Portia Stewart // Fall 2014
From L to R: Reza Derakhshani, Ph.D., Associate Professor, School of Computing and Engineering, Maria Meyers, Director, UMKC Innovation Center, Toby Rush, CEO, EyeVerify

Imagine for a moment a room full of new technologies and innovations. Then picture another room filled with the best candidates to run companies based on these new ideas. How would you open the door to create traffic flow between these two rooms — and build a network that makes the right connections to take these innovations out of the lab and prepare them for the commercial world?

This is the task the UMKC Innovation Center embraced to move technology out of the university and into the hands of consumers.

To make this happen, the Innovation Center has created several programs that offer the resources researchers and entrepreneurs need to move ideas from the lab and into the commercial marketplace.

“There’s no one way that it works,” says Denise Fields, industry relations officer
with the UMKC Small Business and Technology Development Center.
“It’s a collection of resources to pull expertise together to get the technology out there.”
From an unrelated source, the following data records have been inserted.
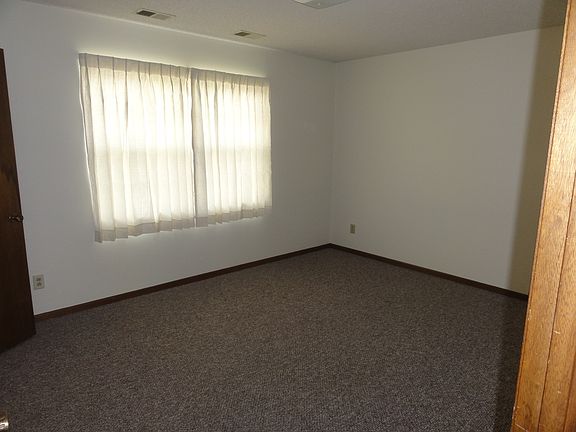 5th image of 3116 Lundin Dr APT 6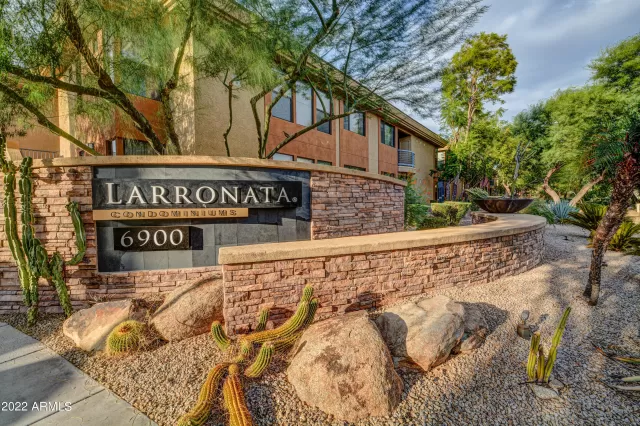 MLS: 6492367 Condo For Sale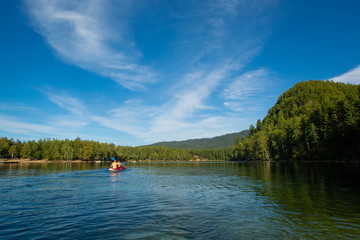 Природа, пейзаж, озеро, лодка , люди в лодке,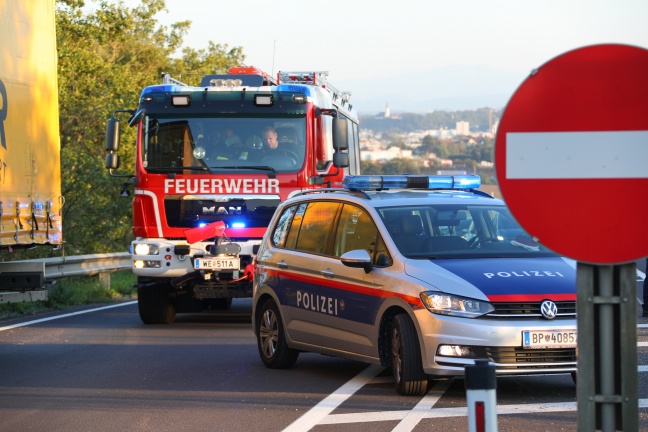 LKW-Lenker auf Innviertler Straße nach internem Notfall erfolgreich reanimiert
A recent success story, a start-up company called EyeVerify, offers a peek inside these programs and demonstrates how the Innovation Center’s toolbox of resources work together to spell success for the university and the business community.
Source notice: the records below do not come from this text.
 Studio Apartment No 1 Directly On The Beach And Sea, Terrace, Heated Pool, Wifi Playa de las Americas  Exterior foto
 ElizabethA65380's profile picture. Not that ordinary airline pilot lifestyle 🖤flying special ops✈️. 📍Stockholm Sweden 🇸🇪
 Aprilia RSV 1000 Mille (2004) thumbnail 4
In 2005, research was taking place between Reza Derakhshani, Ph.D., an associate professor in UMKC’s School of Computing and Engineering, and Arun Ross, Ph.D., formerly of West Virginia University. The concept was simple: Use people’s unique blood vessels to confirm identity. The proof of concept used a camera to capture the vein patterns in the eye. The research secured the researchers a patent in 2008 for the core concept of eye-vein biometrics — an important distinction, Derakhshani says, because this patent covered the concept of identifying people by scanning the blood-vessel patterns in the whites of their eyes.

The technology had great potential, but it needed an entrepreneur to take it to the next level: commercial success. But once the invention is made, where does it go? The UMKC Innovation Center set a goal to smooth the path with a collection of collaborative programs designed to make it more efficient to start — and run — a business successfully.